◆ ACTIVITY: Print every entry, word for word, and skip the images.
[[ DATA SUPPLIED open ]]
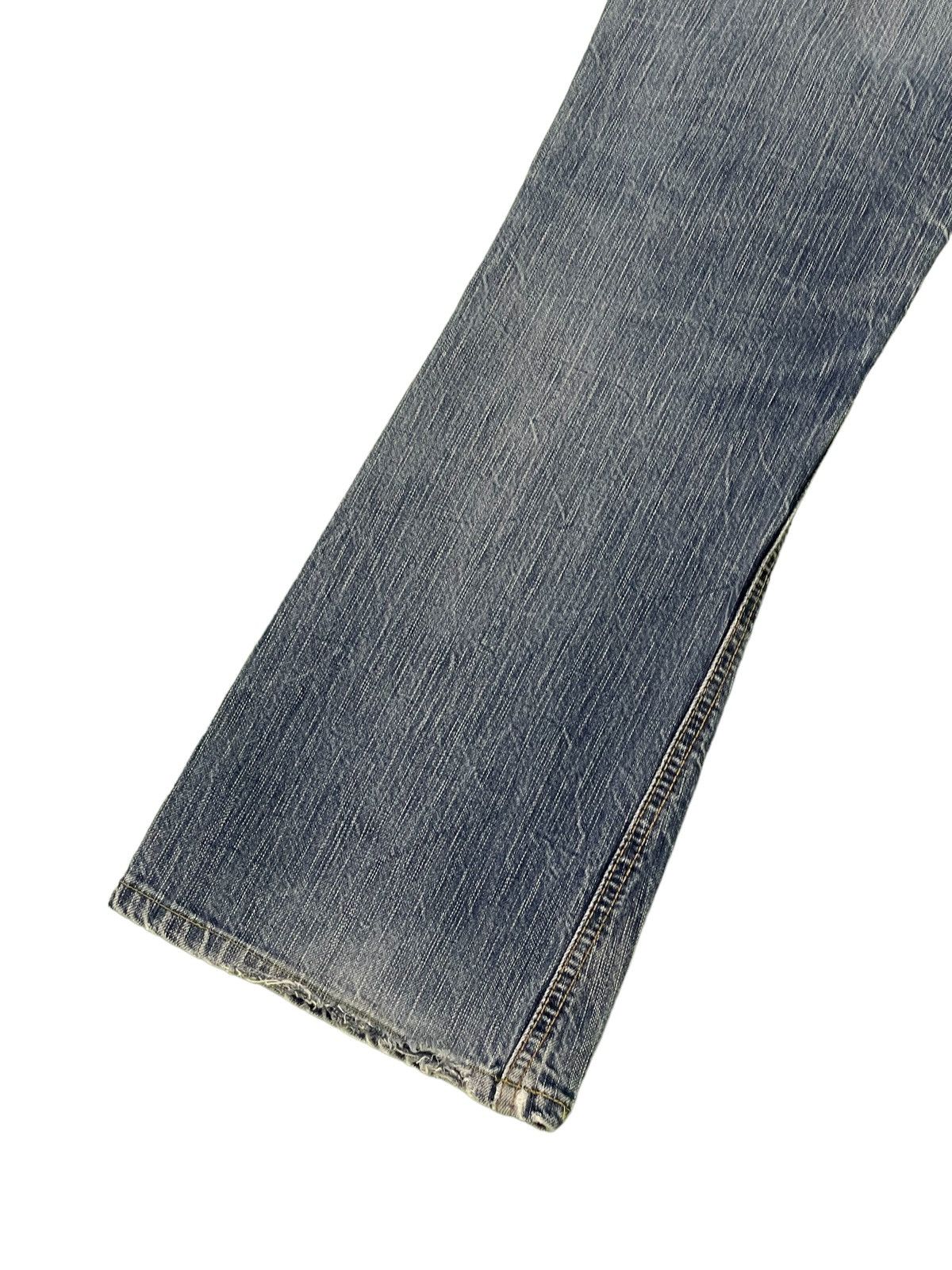 Edwin Flare Jeans Edwin Japan Faded Clawmark Boot Cut 2🟦8 Size US 30 / EU 46 - 15 Thumbnail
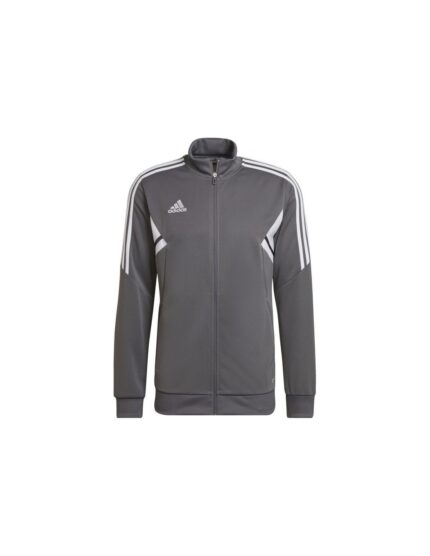 Adidas Condivo 22 Ανδρική Φούτερ Ζακέτα με Τσέπες Γκρι HD2286
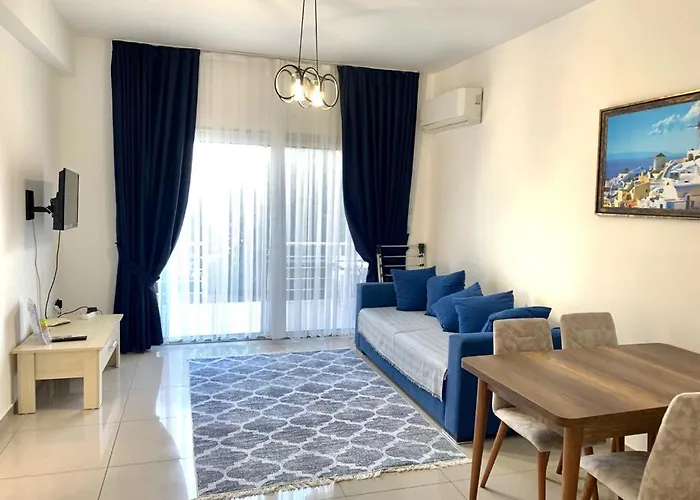 Beautiful & Quiet Two-Bedroom Apartment With Private Garden Lukomorye C1 Kyrenia 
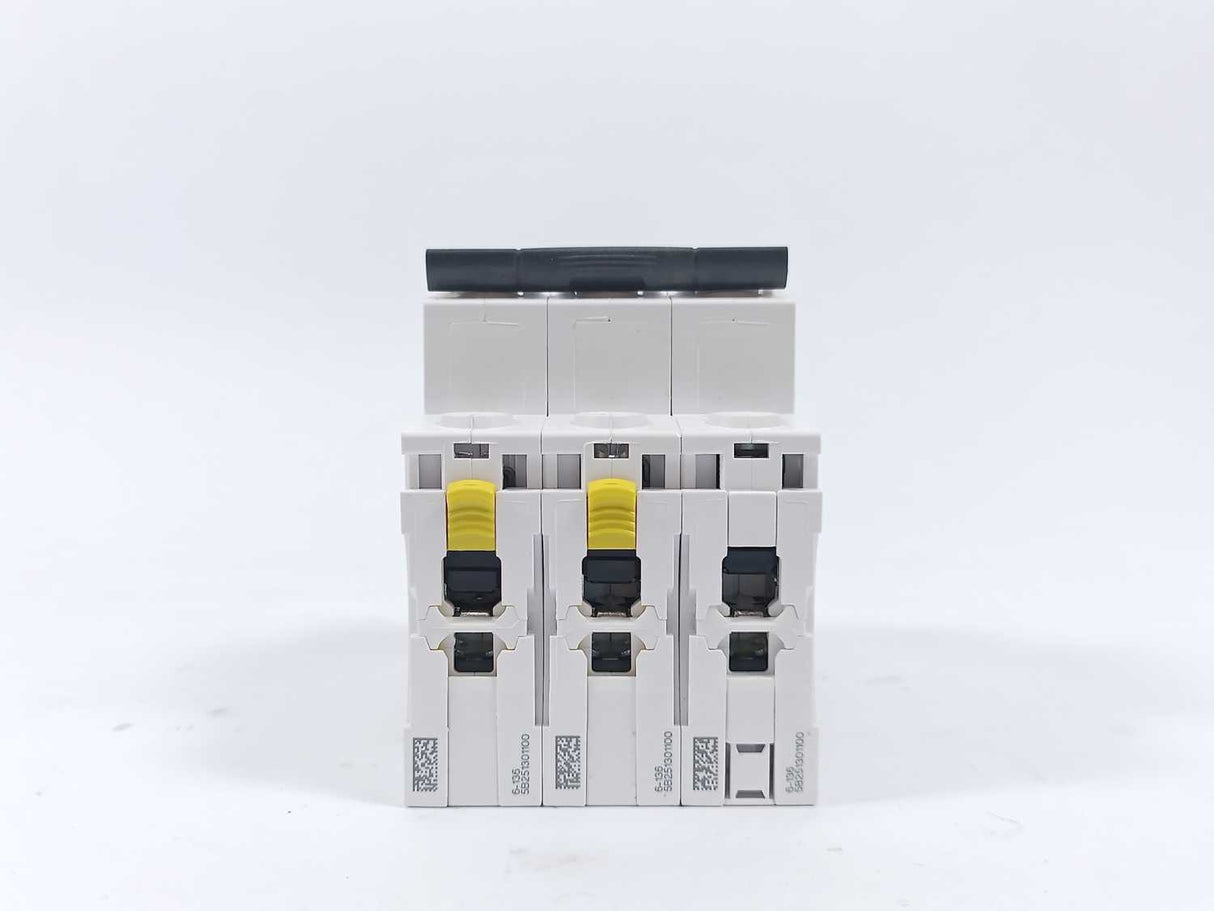 Schneider Electric A9F04325 Miniature Circuit Breaker, iC60N C25A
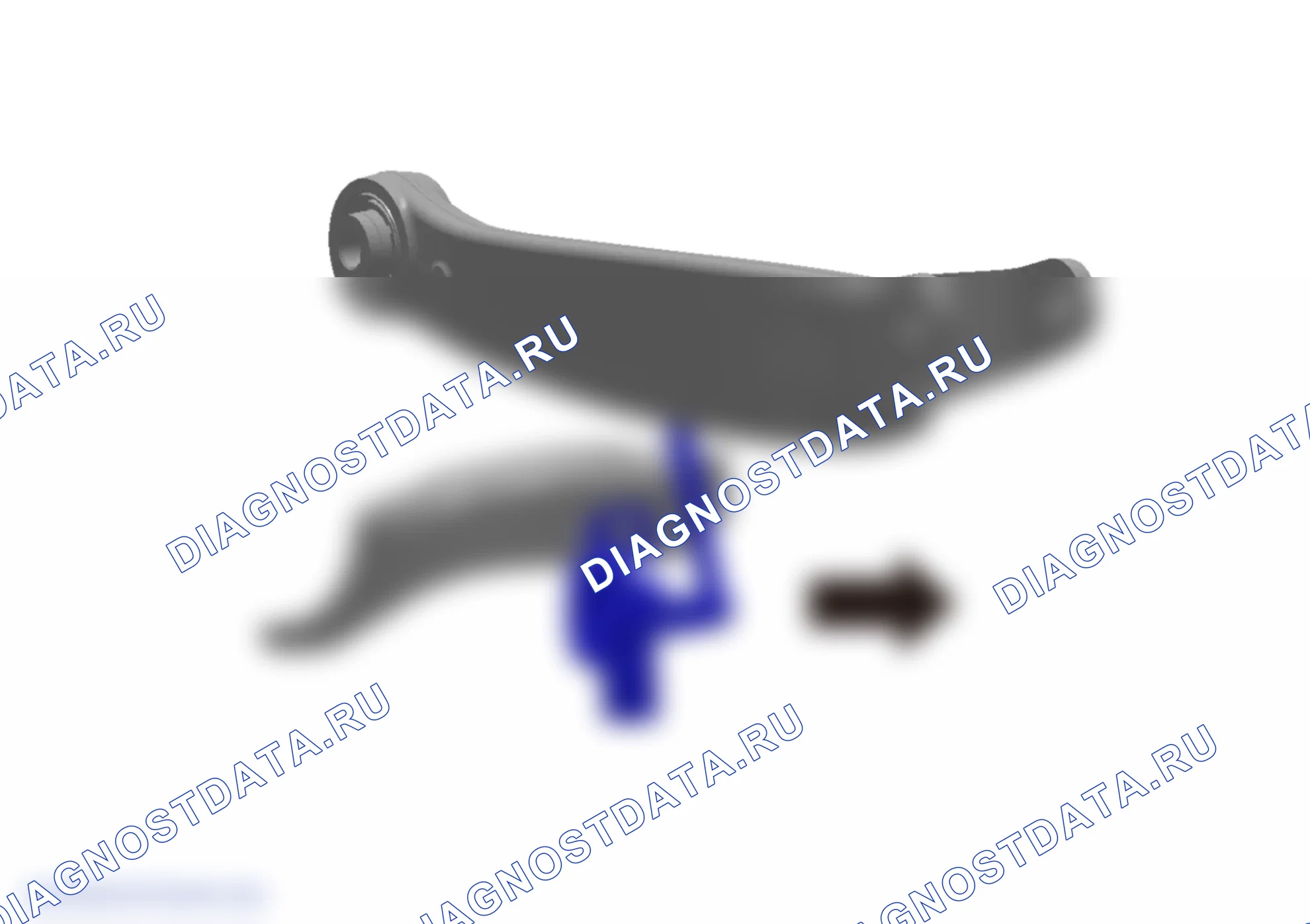 Как снять и установить датчик высоты заднего корпуса — Wey V8X. Wey V8X I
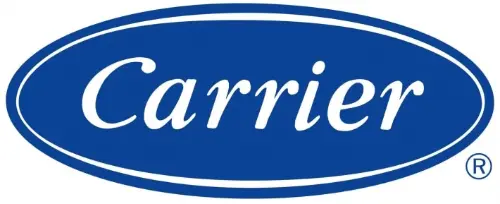 211_carrier_logo Carrier HVAC logo image blue
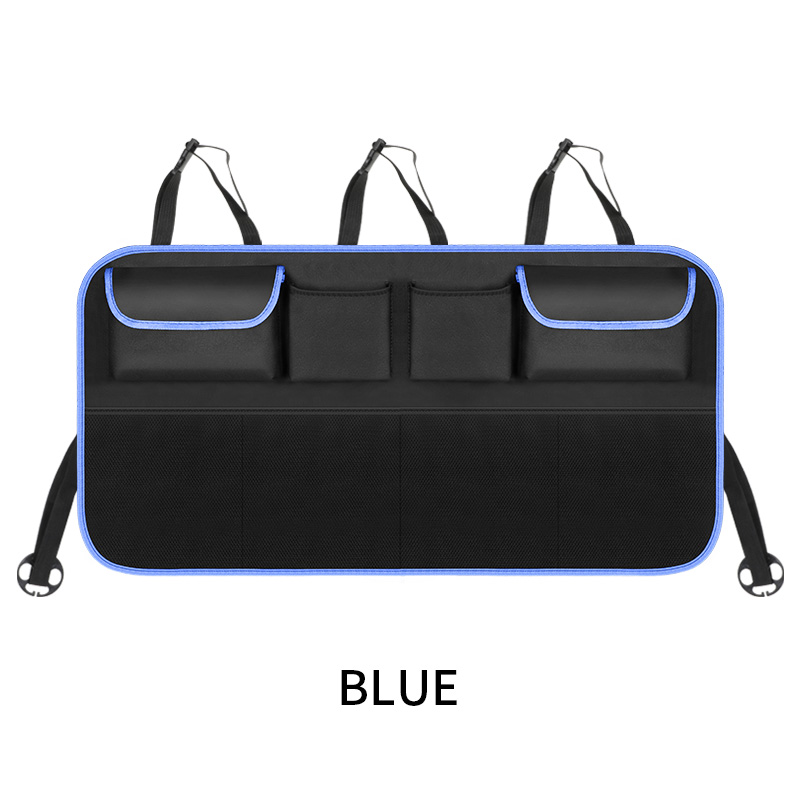 China Cheap Car Organizer Back Seat Protector For Kids Suppliers - Portable car storage bags popular car back seat organzier practical Car Hanging Organizer SUV fit for Car Trunk Organizer –...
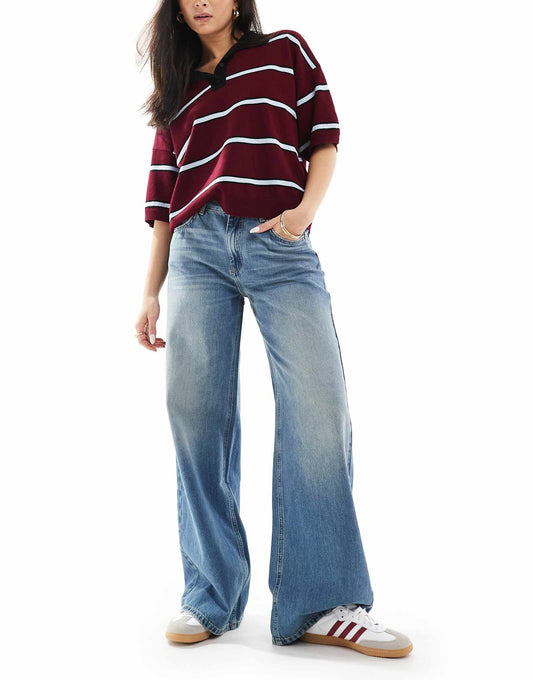 Baggy Oversized Wide Leg Jean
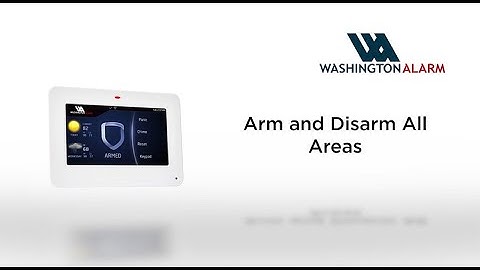 How to Arm & Disarm All Areas on Your DMP 5-Inch Keypad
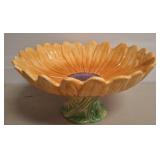 Spode Floral Haven Sunflower Compote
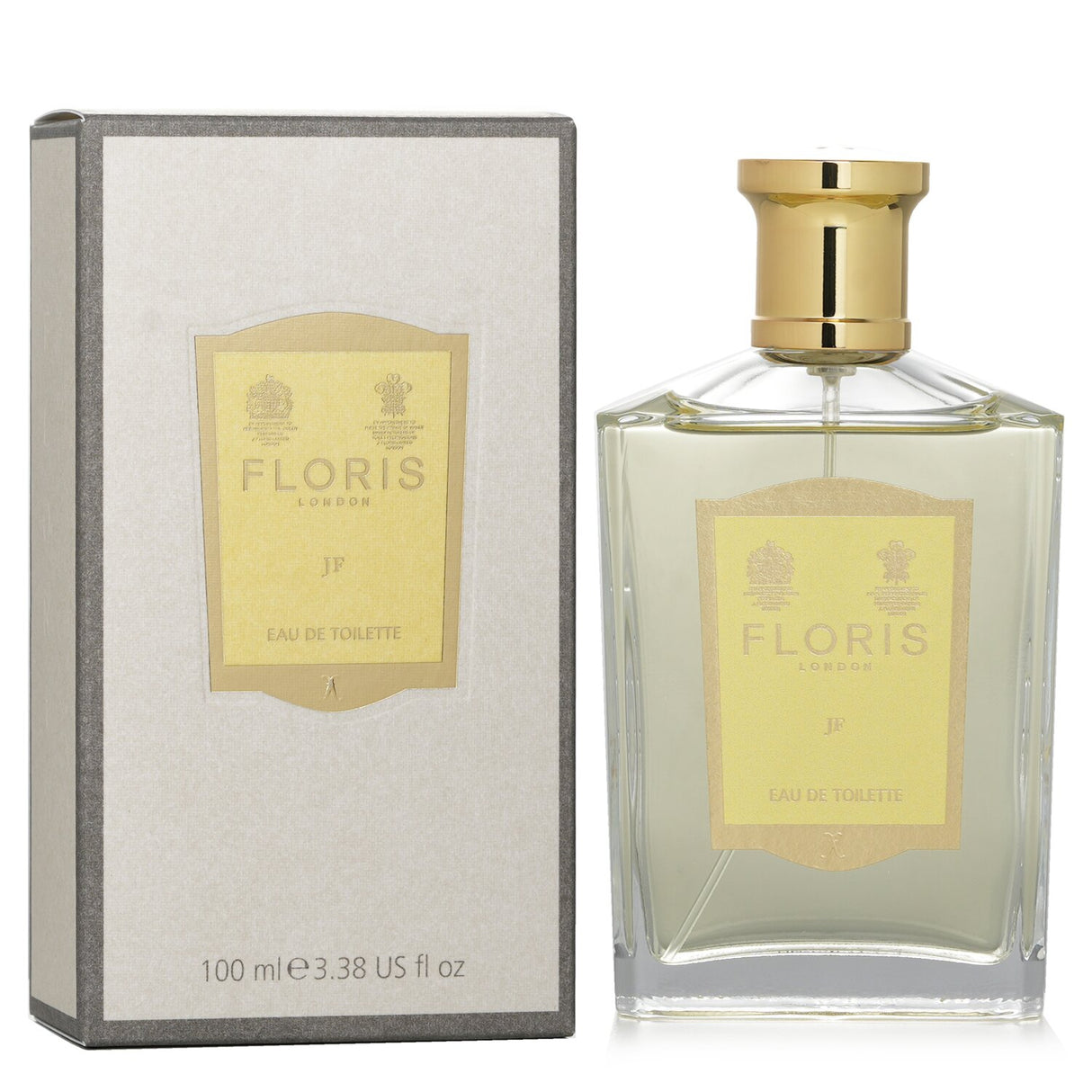 Floris - JF Eau De Toilette Spray  - 100ml/3.4oz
[[ DATA SUPPLIED closed ]]
◆ EXERCISE SOLUTION:
 Edwin Flare Jeans Edwin Japan Faded Clawmark Boot Cut 2🟦8 Size US 30 / EU 46 - 15 Thumbnail
 Adidas Condivo 22 Ανδρική Φούτερ Ζακέτα με Τσέπες Γκρι HD2286
 Beautiful & Quiet Two-Bedroom Apartment With Private Garden Lukomorye C1 Kyrenia 
 Schneider Electric A9F04325 Miniature Circuit Breaker, iC60N C25A
 Как снять и установить датчик высоты заднего корпуса — Wey V8X. Wey V8X I
 211_carrier_logo Carrier HVAC logo image blue
 China Cheap Car Organizer Back Seat Protector For Kids Suppliers - Portable car storage bags popular car back seat organzier practical Car Hanging Organizer SUV fit for Car Trunk Organizer –...
 Baggy Oversized Wide Leg Jean
 How to Arm & Disarm All Areas on Your DMP 5-Inch Keypad
 Spode Floral Haven Sunflower Compote
 Floris - JF Eau De Toilette Spray  - 100ml/3.4oz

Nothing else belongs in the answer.